■ **WHAT THE TASK ASKS**: Output exactly the lines below from the one containing "BlueNoroff: Grupo Hackers" to the last line, both included. Omit pictures.

[Dataset entries]
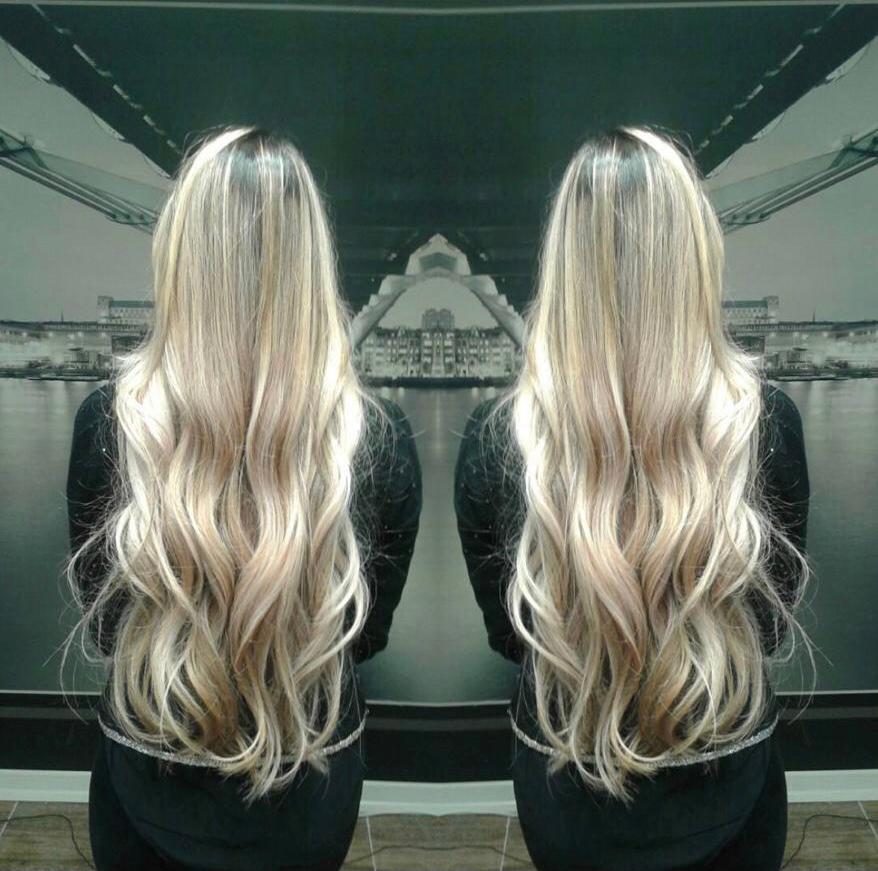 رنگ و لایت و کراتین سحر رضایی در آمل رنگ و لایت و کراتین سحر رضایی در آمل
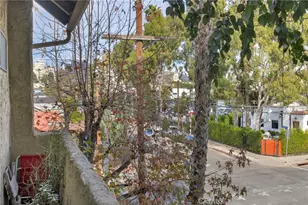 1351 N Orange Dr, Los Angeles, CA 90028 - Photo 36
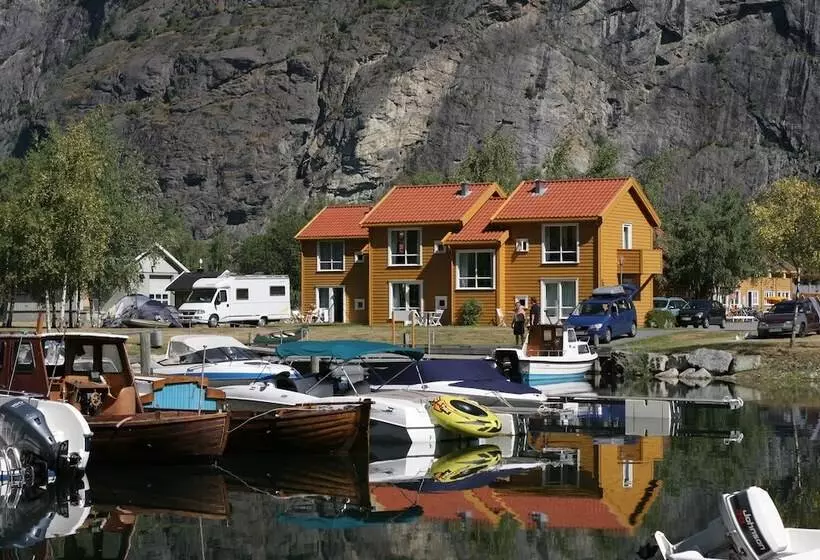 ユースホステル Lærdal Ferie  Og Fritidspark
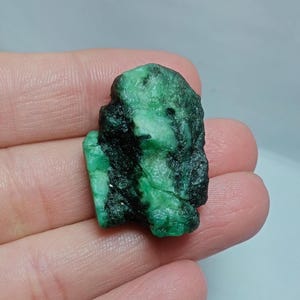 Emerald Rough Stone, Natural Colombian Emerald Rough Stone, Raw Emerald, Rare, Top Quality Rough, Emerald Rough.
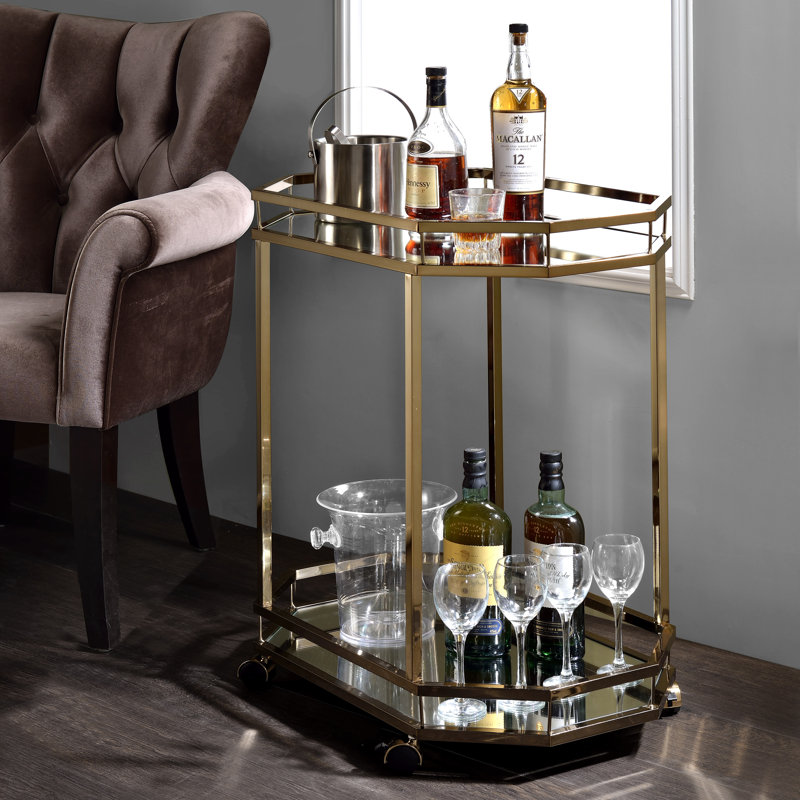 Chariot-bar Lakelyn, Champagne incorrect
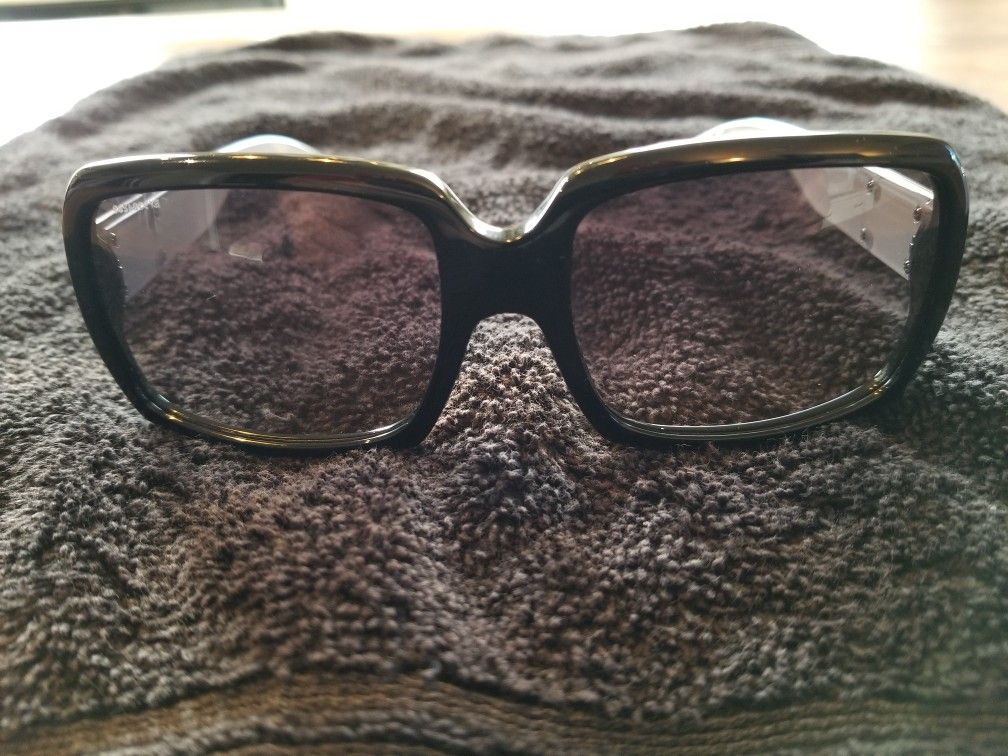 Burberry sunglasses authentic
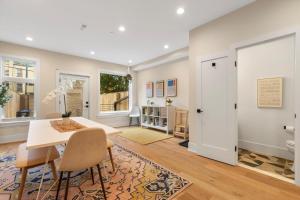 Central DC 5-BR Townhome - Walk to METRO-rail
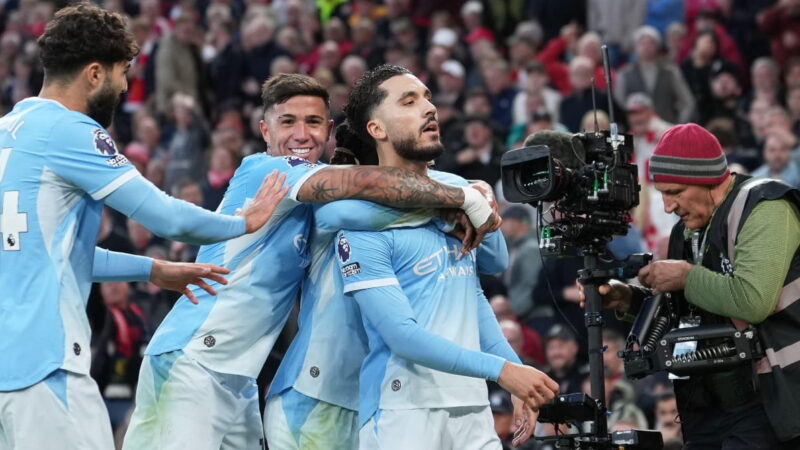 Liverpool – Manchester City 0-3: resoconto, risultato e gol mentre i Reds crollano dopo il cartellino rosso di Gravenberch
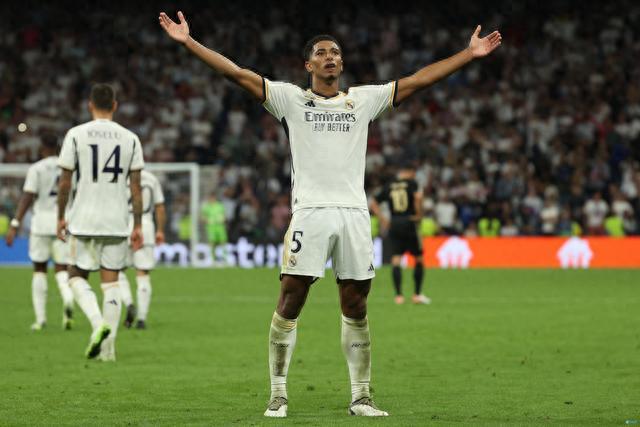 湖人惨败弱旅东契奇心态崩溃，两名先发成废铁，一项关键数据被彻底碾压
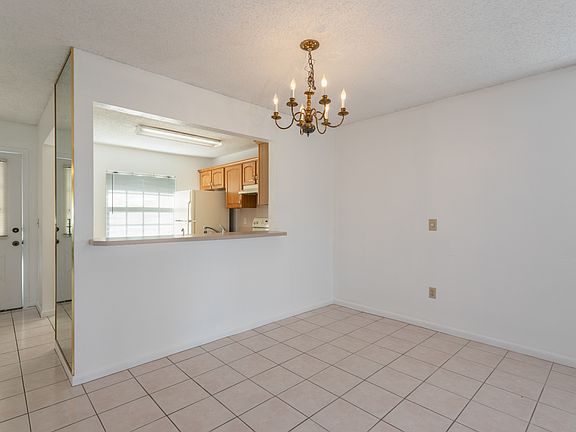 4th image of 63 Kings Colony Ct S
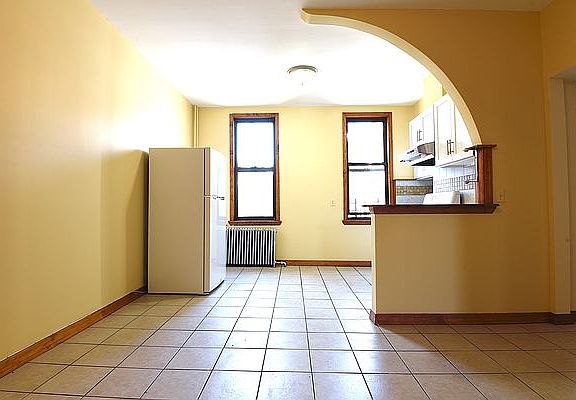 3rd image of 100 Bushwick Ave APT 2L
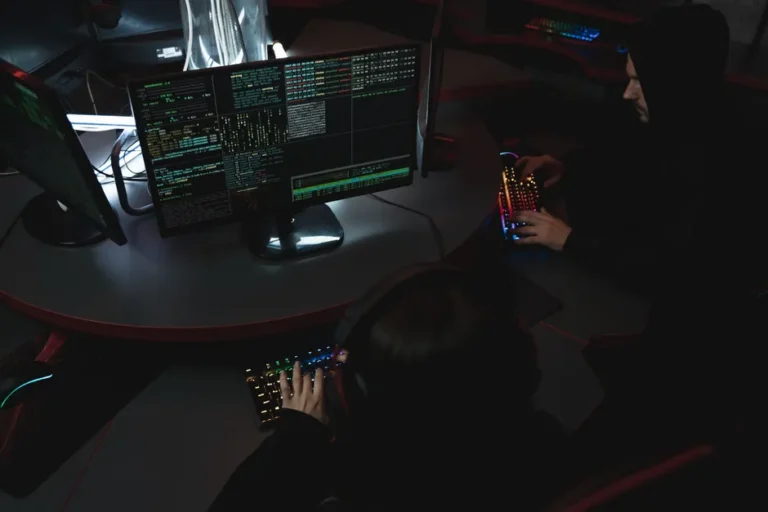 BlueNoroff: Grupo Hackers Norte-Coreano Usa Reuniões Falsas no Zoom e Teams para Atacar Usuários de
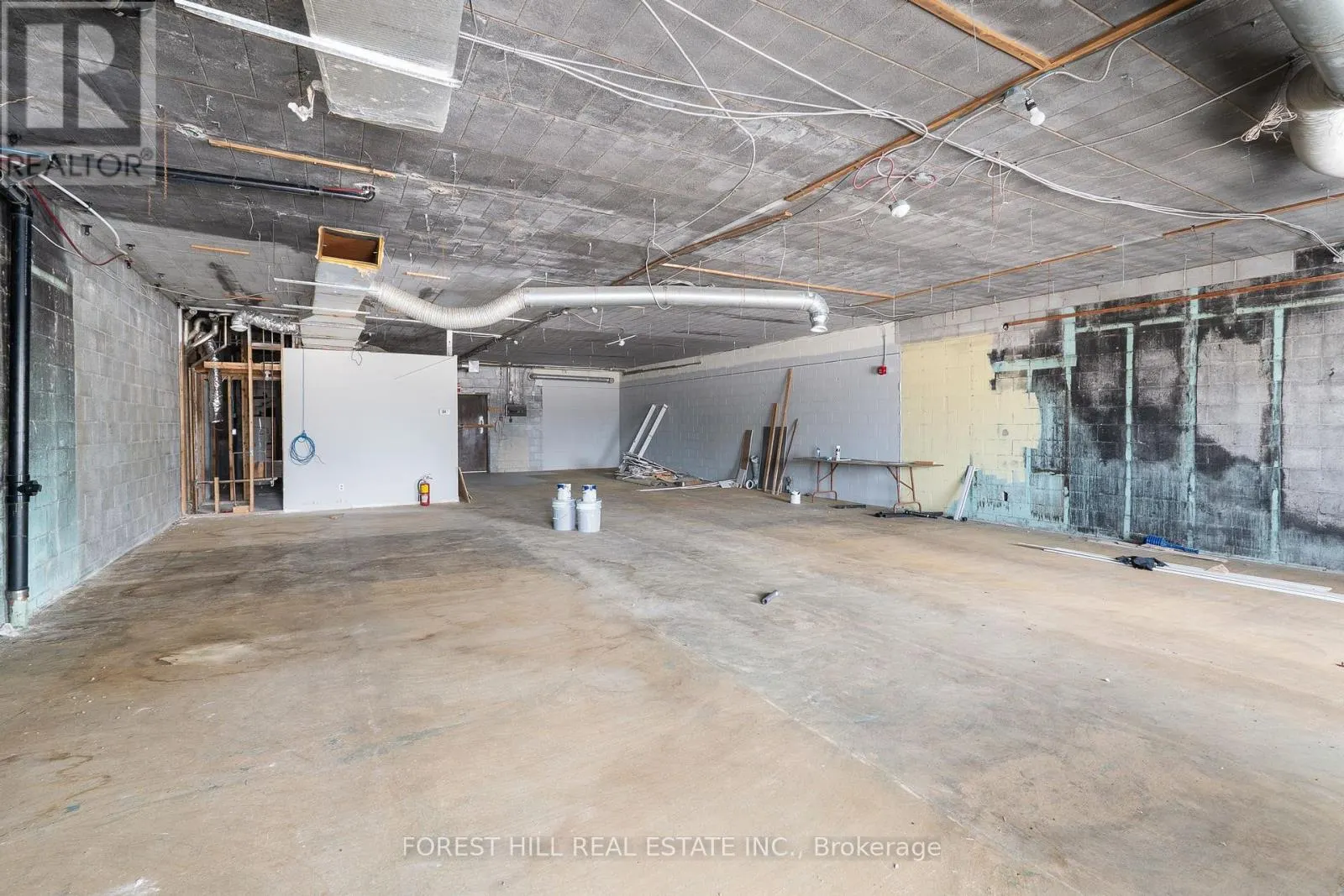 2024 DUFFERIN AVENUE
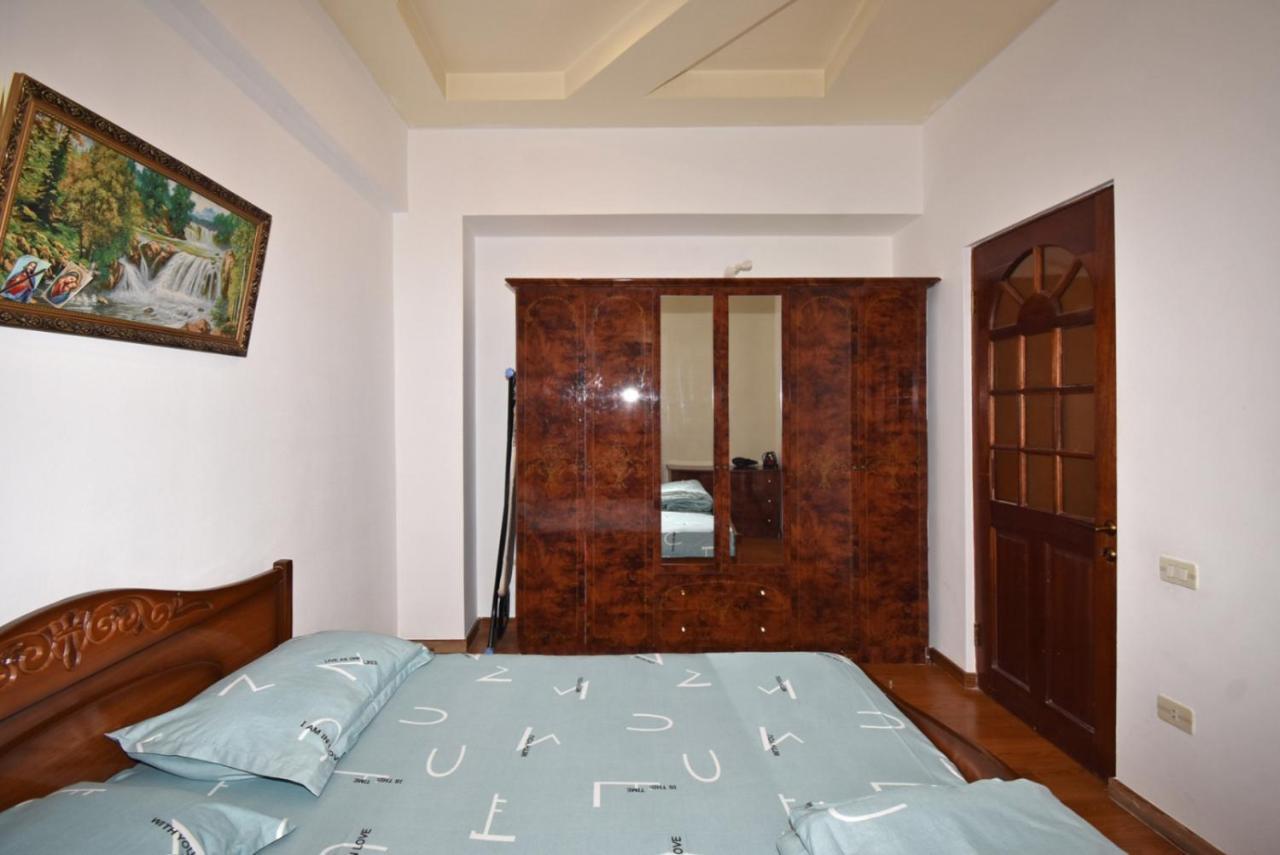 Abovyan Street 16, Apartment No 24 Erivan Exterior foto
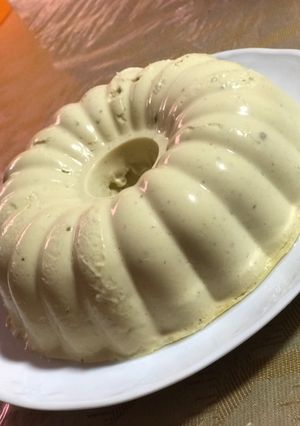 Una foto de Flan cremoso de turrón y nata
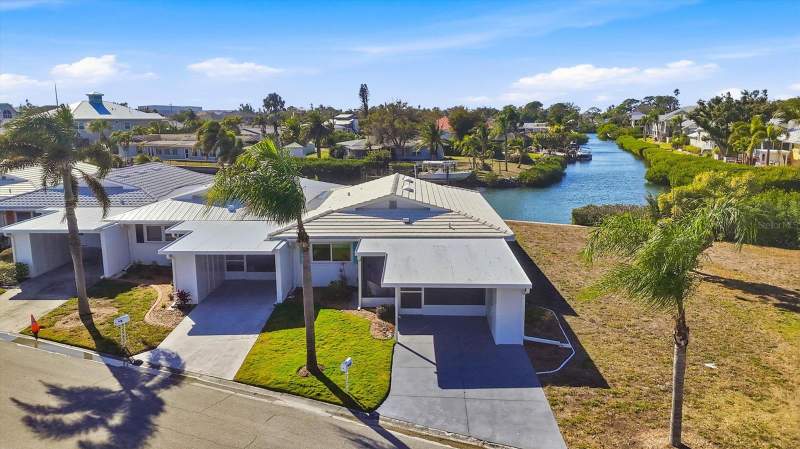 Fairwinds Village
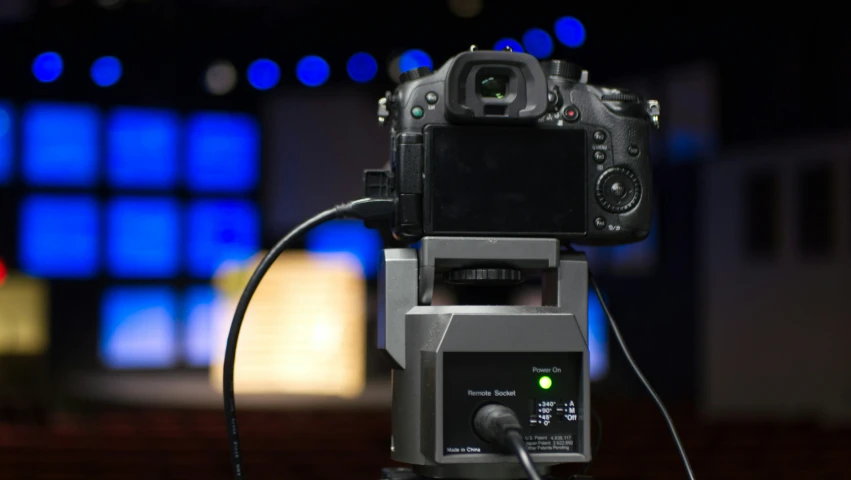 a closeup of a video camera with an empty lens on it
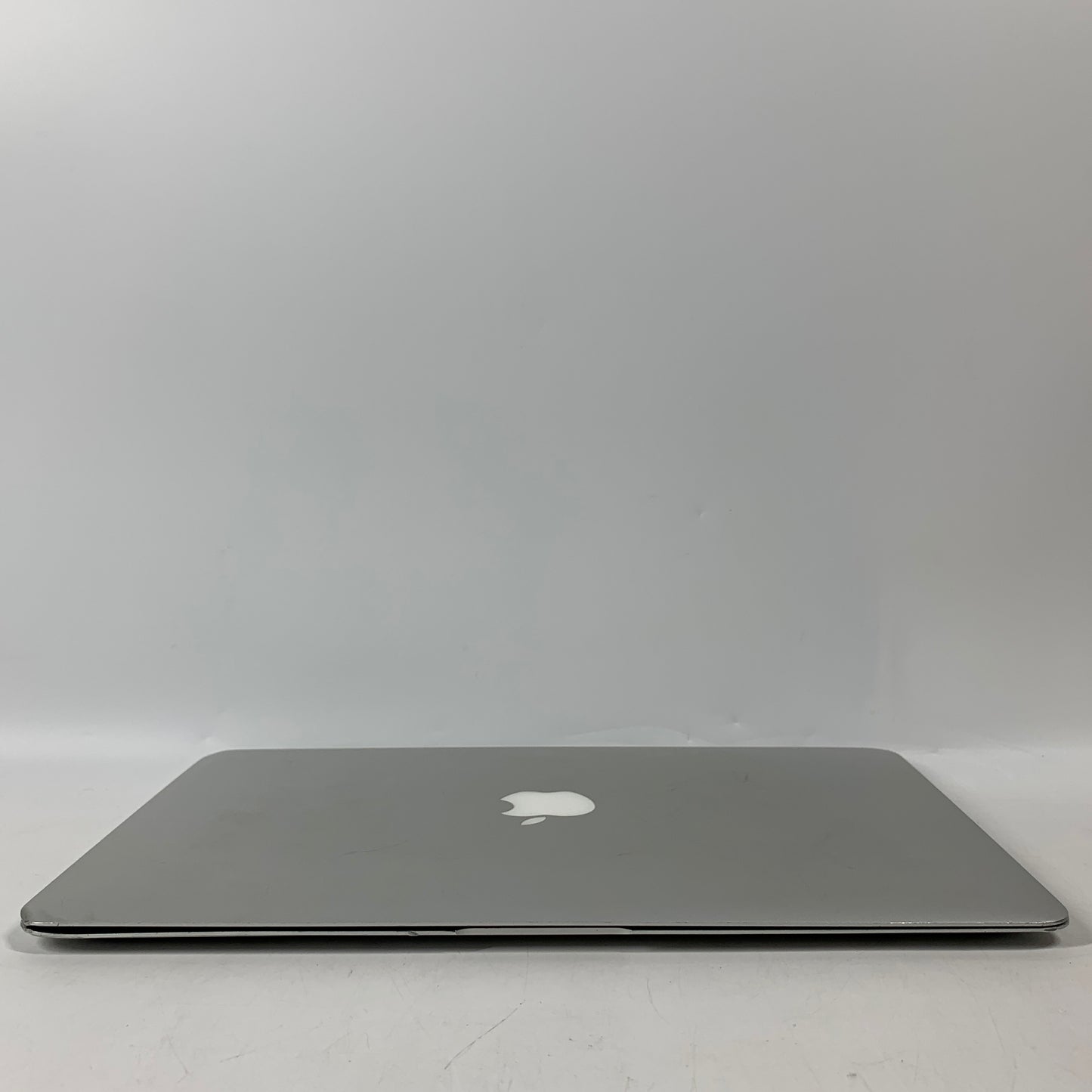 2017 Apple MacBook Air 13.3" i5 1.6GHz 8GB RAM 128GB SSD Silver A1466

■ **TASK RESPONSE**:
 BlueNoroff: Grupo Hackers Norte-Coreano Usa Reuniões Falsas no Zoom e Teams para Atacar Usuários de
 2024 DUFFERIN AVENUE
 Abovyan Street 16, Apartment No 24 Erivan Exterior foto
 Una foto de Flan cremoso de turrón y nata
 Fairwinds Village
 a closeup of a video camera with an empty lens on it
 2017 Apple MacBook Air 13.3" i5 1.6GHz 8GB RAM 128GB SSD Silver A1466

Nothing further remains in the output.